The same above argument holds true when aligning your lake houses with the source-system side of your architecture. If you plan on building data products and strongly want to align data ownership, then I wouldn’t encourage your engineers to already cross-join data between applications from other domains.

For the enrichments, such as calculations, there are also considerations you should make. If you plan to facilitate operational reporting and for that, enrichments are needed, then I recommend already enriching your data in the Silver layer. This potentially could result in some extra calibration when combining data at a later stage in Gold. Yes, this might be additional work, but it’s worth having the benefits of flexibility.

Gold layer

Data in the Gold layer, according to the principles of a Lakehouse architecture, is typically organized in consumption-ready “project-specific” databases. From from this perspective, you could argue that data ownership changes, because data is no longer source-system is aligned. Instead, it has been integrated and combined with other data.

For Gold, depending on your use cases, I recommend a more de-normalized and read-optimized data model with fewer joins. So, a Kimball-style star schema.
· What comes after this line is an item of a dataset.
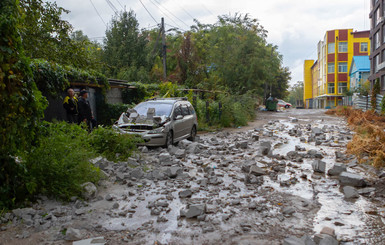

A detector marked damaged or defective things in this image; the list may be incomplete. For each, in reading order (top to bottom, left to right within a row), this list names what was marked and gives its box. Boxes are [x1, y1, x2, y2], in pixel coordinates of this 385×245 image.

damaged car [112, 97, 196, 146]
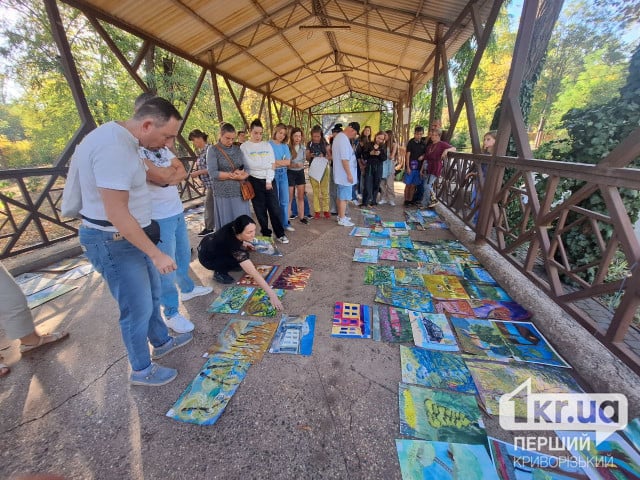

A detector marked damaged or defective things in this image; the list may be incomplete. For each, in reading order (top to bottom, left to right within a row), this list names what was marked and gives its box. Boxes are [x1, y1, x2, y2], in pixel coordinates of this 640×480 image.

crack in pavement [1, 352, 127, 436]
In addition to that, expect the following characteristics:

  • Gold tables represent data that has been transformed for consumption or use cases.
  • Data is stored in an efficient storage format, preferably Delta.
  • Gold uses versioning for rolling back processing errors.
  • Historization is applied only for the set of use cases or consumers. So, Gold can be a selection or aggregation of data that’s found in Silver.
  • In Gold you apply complex business rules. So, it uses many post-processing activities, calculations, enrichments, use-case specific optimizations, etc.
  • Data is highly governed and well-documented.
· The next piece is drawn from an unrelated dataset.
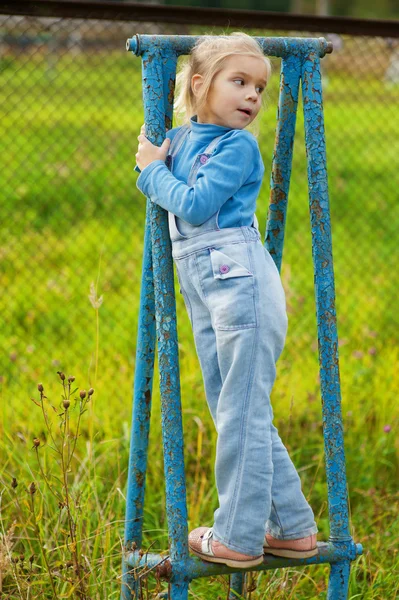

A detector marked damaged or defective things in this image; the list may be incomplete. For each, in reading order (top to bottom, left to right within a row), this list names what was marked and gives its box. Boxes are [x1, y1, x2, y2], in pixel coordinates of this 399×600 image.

rusty blue metal frame [122, 34, 362, 600]
peeling blue paint [122, 34, 362, 600]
Gold is often the most complex layer because its design varies on the scope of your architecture. In the simplest scenario, your Lakehouses are only aligned with the source-system side. If so, data that sits in Gold will represent “data product” data. Thus, data is generic and user-friendly for broad distribution to many other domains. Then, and after distribution, you expect data to land in another platform. This could be a Lakehouse again. If so, you would expect Gold in these platform to match the precise requires of analytical consumers. Thus, data has been modelled. Its shape and structure is highly specific for the use case you’re working on. The upper way of working could lead to principles in which you allow domains to only operate on internal data that is not directly served to other domains. So, there might be tables that are flexible and can be adjusted at any times. And there are other tables with a formal status that are being consumed by other parties.
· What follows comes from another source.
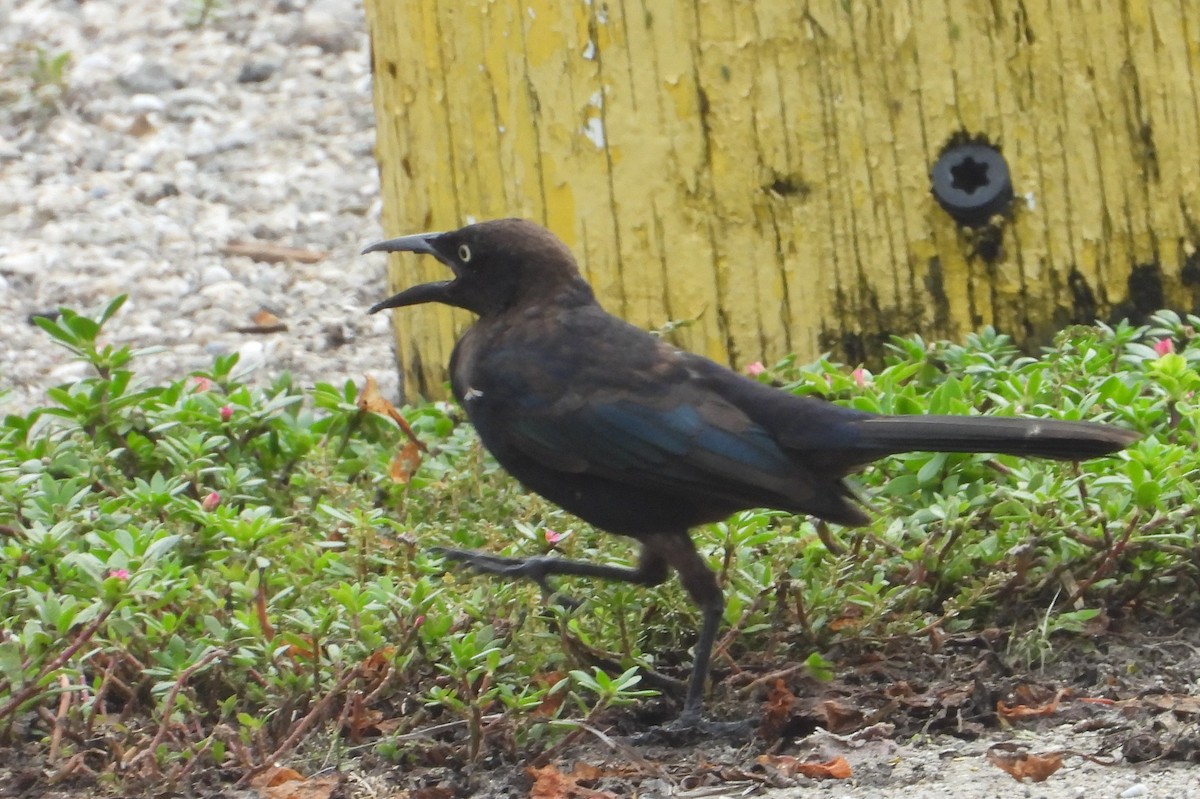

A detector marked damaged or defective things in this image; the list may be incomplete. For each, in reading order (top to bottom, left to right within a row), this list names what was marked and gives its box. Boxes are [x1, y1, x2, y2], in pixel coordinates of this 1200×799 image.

If your Lakehouse scope is larger and targets both sides, then, extra layers are expected. Some people call these extra layers workspace or presentation layers. In such a design, data in Gold is more generic. It’s integrated and prepared for a set of use cases. Then, within these workspace or presentation layers you see subsets. Such a design is very similar to how you usually do data modeling within data warehousing. Gold behaves like a generic integration layer from which data marts or subsets can be populated.

Some companies also use these workspace or presentation layers for sharing data across to other platforms or teams. So, they make selections and/or prefilter data for specific use cases. Other customers apply tokenization, which means that they replace sensitive values with randomized data strings. Other use additional services for data anonymization. You could argue that this data in a way behaves as “data product” data.

I hope you found this a helpful article. And to all of you building a next generation data platform: enjoy the trip!